A right way: not as simple as from A to B

The Court of Appeal concluded that the owner of the dominant land had a right of access to their land from any point along an accessway over a shared…


The Court of Appeal in Emmett v Sisson (2014) concluded that the owner of the dominant land (the person with the benefit of the right) had a right of access to their land from any point along an accessway over a shared driveway. This stopped their neighbour (the servient owner) from building a brick wall along the boundary of the shared driveway.

The law

What constitutes interference with a right of way?

In B&Q plc v Liverpool and Lancashire Properties Ltd (2001), the Court held that the test of an actionable interference with a right of way is not the extent of the right remaining after an inference but whether the dominant owner (the person with the benefit of the right) is being reasonable by insisting on being able to use the entirety of the right granted.

So when considering whether there has been an interference with a right granted, the question to ask is “can the right of way be substantially and practically exercised as conveniently as before?”.

Private nuisance

Interference with an easement gives rise to an action for private nuisance and in order to succeed in such a claim, the person claiming interference with a right granted must show:

  • Firstly, that they are entitled to the benefit of the right/easement;
  • Secondly, the nature, extent, scope and use of their access that has/is being interfered with; and
  • Thirdly, that the interference with their right/easement is of a “substantial nature”.

The facts

Emmett v Sisson concerned a 30 metre driveway that was sandwiched between two adjoining properties. The property owner to the north (N) owned the driveway that the right of access crossed over. The southern property owner (S) had the benefit of a right of way over that driveway to get to his property. In 1997, S built a low stone wall (which a pedestrian could step over) along the boundary of his property to the driveway’s boundary.
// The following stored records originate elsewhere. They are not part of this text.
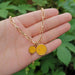 Wholesale Alloy Enamel Smiley Necklace JDC-NE-YiD003 Necklaces 宜达 Wholesale Jewelry JoyasDeChina Joyas De China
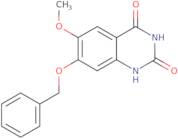 7-(benzyloxy)-6-methoxy-1,2,3,4-tetrahydroquinazoline-2,4-dione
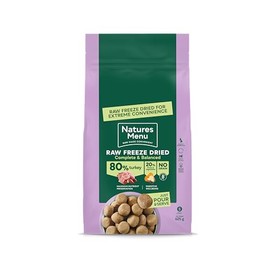Natures Menu Freeze Dried Complete & Balanced Nuggets - Turkey - 625gr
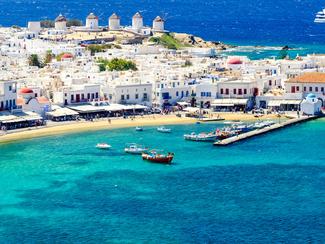 Cyclades : la fièvre immobilière menace-t-elle...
In 2009, N made preparations to build a two metre high brick wall along the southern boundary of the driveway, a few inches from S’s low stone wall.

S applied to the High Court for an injunction to prevent N building the wall and subsequently S removed the low stone wall that he had constructed.

The High Court examined the wording of the easement and concluded that there would be no restriction on where the entrance and exit points to the driveway could enter and exit the easement and found that:

  • S could access his land from any point along the driveway (right of way)
  • The construction of a brick wall by N would be an unreasonable interference with that access

N appealed the decision, asking for confirmation that he could build a wall or fence along the southern boundary of the driveway with potential for a single vehicle access, gated if possible, within the proposed wall or fence.

The decision

The Court of Appeal held that: “On their true construction, the words plainly grant a linear access along the whole of the boundary and there are no words that either expressly or impliedly limit the access to any one point or a number of points”.

Referring to the wall that N wanted to construct, the Courts’ view was that a “wall would severely restrict [S’s] vehicular and pedestrian access… to their land from any point along the right of way with the same convenience as they can now” and therefore “the proposed wall, even with a vehicular entrance in it, would constitute an actionable interference with the respondents’ right of way”.


It is important to remember that the extent or enjoyment of a right of way cannot be changed without the support of all parties concerned. The person who owns the land subject to the right (the servient owner) cannot seek to change, restrict or deprive the person with the benefit of the right (the dominant owner) of a right granted by arguing that a reasonable person would or could accept the change.

As ever, each case will turn on its facts but this decision is nonetheless significant for those who have rights of access across relatively open land or marked by a vague boundary feature.